Admittedly, this short is somewhat dependent on you having seen its bigger cinematic brother, but amazingly, it’s also a pretty compelling piece of short drama on its own—an examination of isolation and loneliness that makes for an interesting correlation to the vastness of space. Taking place on a remote fjord in Greenland, the glacial wilderness provides for an austere setting, one that rivals the black terror hovering outside our atmosphere. We know all the dialogue beats, but yet the new framing gives them refreshed meaning. No longer are the stakes off earth in that tiny space pod with a dying, panicked woman, but rather on the far corners of Earth. Here is a man dealing with his own personal struggles—a sick dog, the need to provide for his family—and thus we are giving a fascinating lesson in context. As the pessimist would say, no matter the crap you’re going through, someone else somewhere has it worse.

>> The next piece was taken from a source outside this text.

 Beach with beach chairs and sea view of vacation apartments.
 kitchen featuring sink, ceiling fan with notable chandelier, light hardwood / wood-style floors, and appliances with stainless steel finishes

Directed by Alfonso Cuarón’s son, Jonás (who we last saw in another short film tie-in), the film was financed by Warner Home Video. The original intent was to slap this on Gravity‘s Blu-ray/DVD release as a unique special feature. Yet, the film has slowly developed its own cinematic path screening at both Venice and Telluride. Oscar-eligible, there was a bit of buzz gong that the short could be honored with a gold statuette at the Academy Awards. If it and Gravity both were honored such, it would have been a first—alas, the live-action shortlist was released over the weekend without Aningaaq on it.The frenzy about Oscar, was fun, but also raises some interesting implications about shorts and how their role keeps changing in the overall cinematic landscape. Originally delegated as something you might occasionally see at a film festival, shorts matter now. Yes, we’ve said it ad nauseam, but the internet has truly changed the game for bite-sized narratives, allowing them to exist and entertain in a variety of different ways apart from some unknown theatrical setting. Branded film, feature film tie-in, a pitch for a longer work, a standalone story, a stylistic innovator—the role that a short film can play in today’s crowded marketplace is veritably endless. And, best of all, people are watching and making them in greater numbers than ever before. But, enough proselytizing for the short film lobby. Really, above all, I’m just excited that more people are watching shorts in the first place—even if takes the name power of Alfonso Cuarón and Sandra Bullock’s voice on a distance radio to get them there.